Some sample results:
What’s great about this is that you aren’t even limited to real planets, you can do this with fictional ones as well. You just need to generate or find the surface map before you transform it.
This method could also be sped up with a bit of work, since GIMP has a full Python API. It would be possible to write a script that could upload a directory or a zip file with a bunch of map images, then convert them all to planet images and save the results.
However in making these I noticed there was a pretty severe limitation: there was no way to make a planet with rings like Saturn. That then brings us to the 3D method:
- Choose a 3D modeling software. I use Blender because, like GIMP, it’s more than powerful enough for my needs, and it’s totally free.
- The learning curve on 3D modeling is insanely steep. Without instruction you are unlikely to ever be able to make anything cool or useful.
- So the next step is: find a tutorial showing how to make the thing your interested in (or the closest you can find). Fortunately there are several tutorials showing specifically how to make Saturn or a similar ringed planet.
- There are two basic approaches taken:
- Use actual images of Saturn and its rings, and map them onto a 3D surface.
- Use texturing and coloring methods and algorithms to make an object that looks like a ringed planet, but doesn’t specifically try to copy Saturn.
- After looking at both, I went with the second approach. I was after all trying to make planet images for fictional planets, so I don’t care if it looks exactly like the real Saturn or not.
Making the basic planet and ring shape is pretty straightforward: you can use simple shapes of a sphere and a circle (extruding out the circle to make a ring). Everything else is done using textures, which gets insanely complicated. Following this tutorial, here is my ringed planet in Blender:
And here is the texture map for the planet surface:
There is no way I could ever figure this out without following a tutorial step by step. Basically what does is this:
- Apply random noise to be the color on the sphere surface.
- Filter that noise so that it’s limited to a few colors and transitions smoothly between them. That’s the ColorRamp block in the middle that goes from black to orange to yellow.

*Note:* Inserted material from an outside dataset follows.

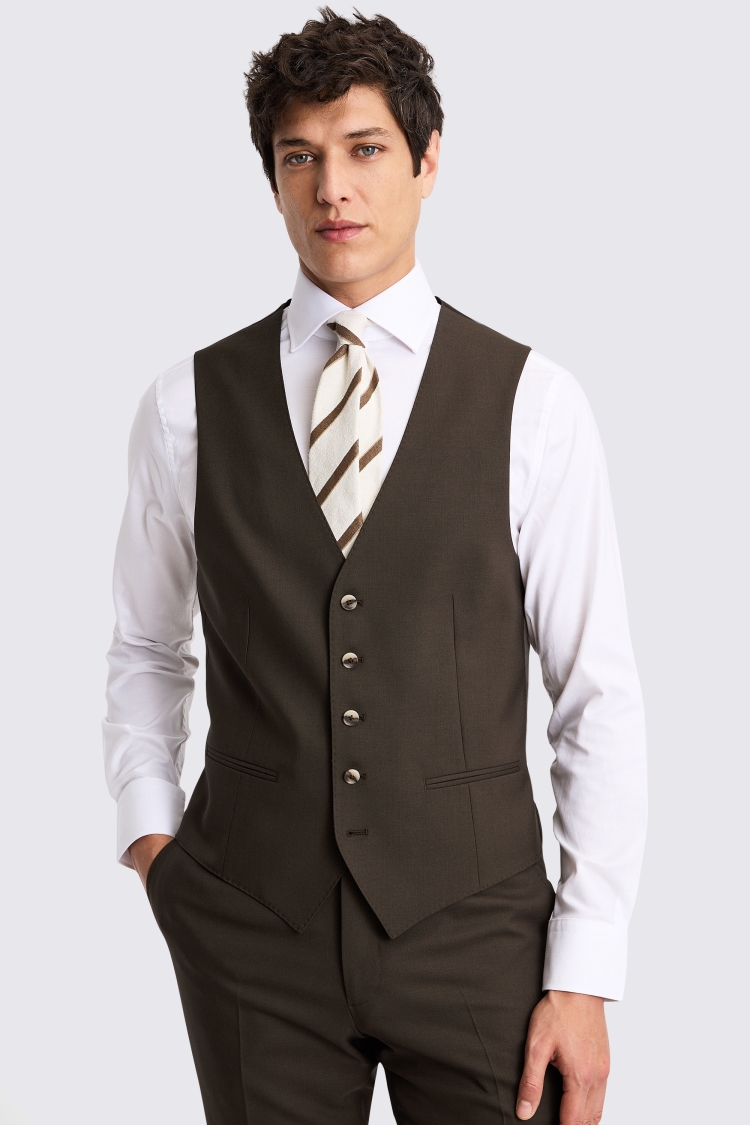 Slim Fit Brown Waistcoat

- Filter it in space so that it varies a lot in the z-direction, but only a little in the x- and y-directions. This makes it look like rippling clouds over the planet.
And here is the texture map for the rings:
This one is even more complicated! It more or less works like this:
- Generate some random noise on the ring surface
- Filter it so it only changes in the radial direction, centered on the planet center
- Make that noise into changing the brightness and contrast across the surface of the ring.
- Make the ring itself to have a mixture of diffuse light scattering, transparency, and translucence.
- Use that same noise to make the local transparency vary with the noise level
- Adjust the noise so that the frequency and amplitude matches what we are looking for.
Setting all of that up is a huge amount of work, especially if you’re not super-experienced with the software. However the results are absolutely phenomenal:
It seriously looks good enough to be on a NASA publication or something, I was really impressed by how it turned out.
OK, I think that’s long enough down this rabbit hole. I need to get back to preparing the Stars Without Number adventure!